_Your objective_. Retype, word for word, every line starting at the line with "PRADA Mini Hand" and ending with the final line of the entries; skip the pictures.

(Short text fragments from websites)
════════════════

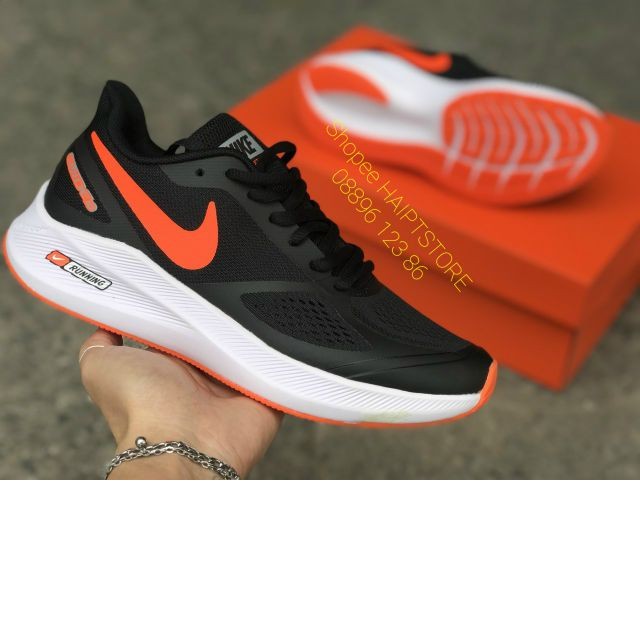 Giày Running Nike Zoom Pegasus 7X Orange/Black/White (20) Nữ [Chính Hãng - FullBox]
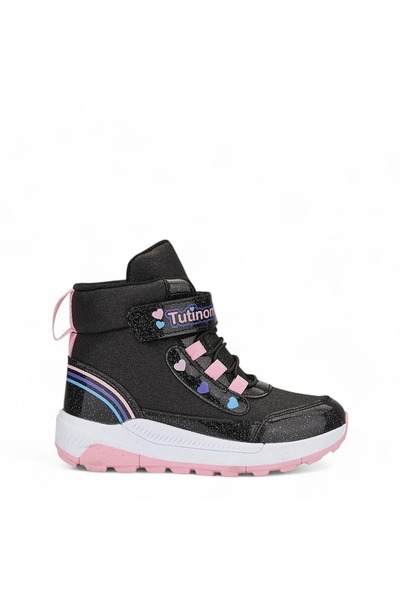 Tuğba Ortopedi 138 Ortopedik Kız Çocuk Siyah Simli/ Pembe Bot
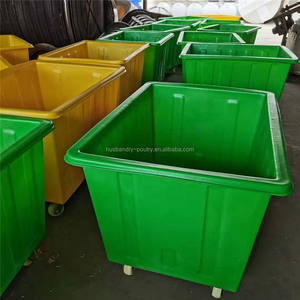 دلو علف للخيول، دلو ماء، أنبوب، دلو طعام مع عجلات بسعة 300 لتر، 400 لتر، 450 لتر، 500 لتر - Product Image 3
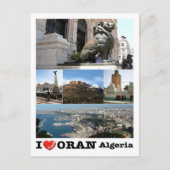 Algerien - Orano - I Liebe - Postkarte (Vorderseite)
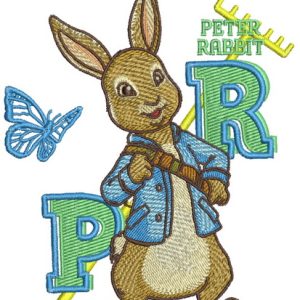 Peter Rabbit 3 embroidery design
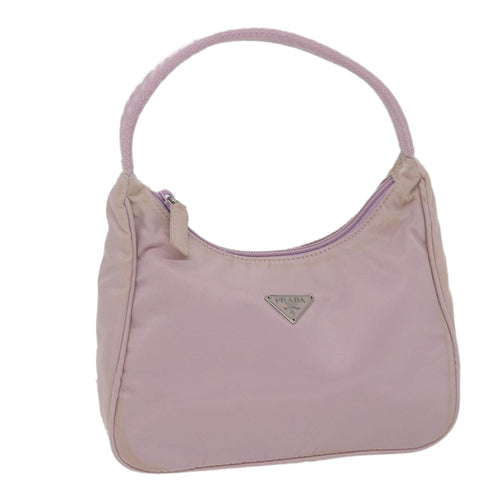 PRADA Mini Hand Bag Nylon Pink  yk9920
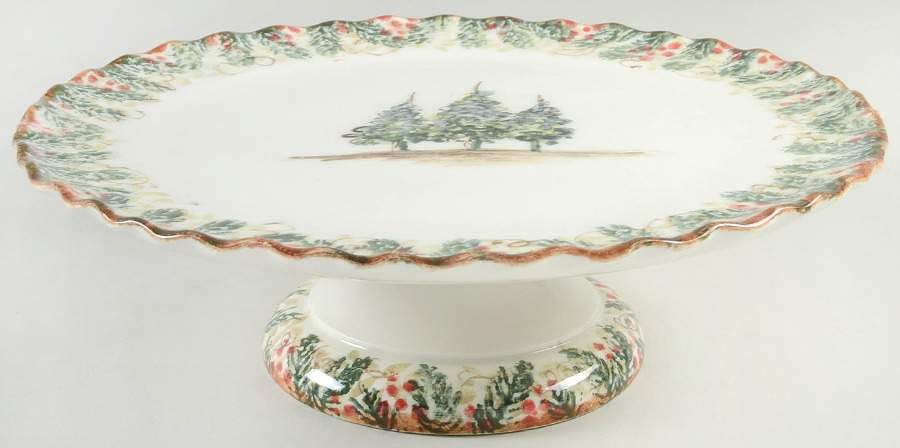 Natale 12" Diameter Pedestal Cake Stand by Arte Italica-1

════════════════

_Task response_.
 PRADA Mini Hand Bag Nylon Pink  yk9920
 Natale 12" Diameter Pedestal Cake Stand by Arte Italica-1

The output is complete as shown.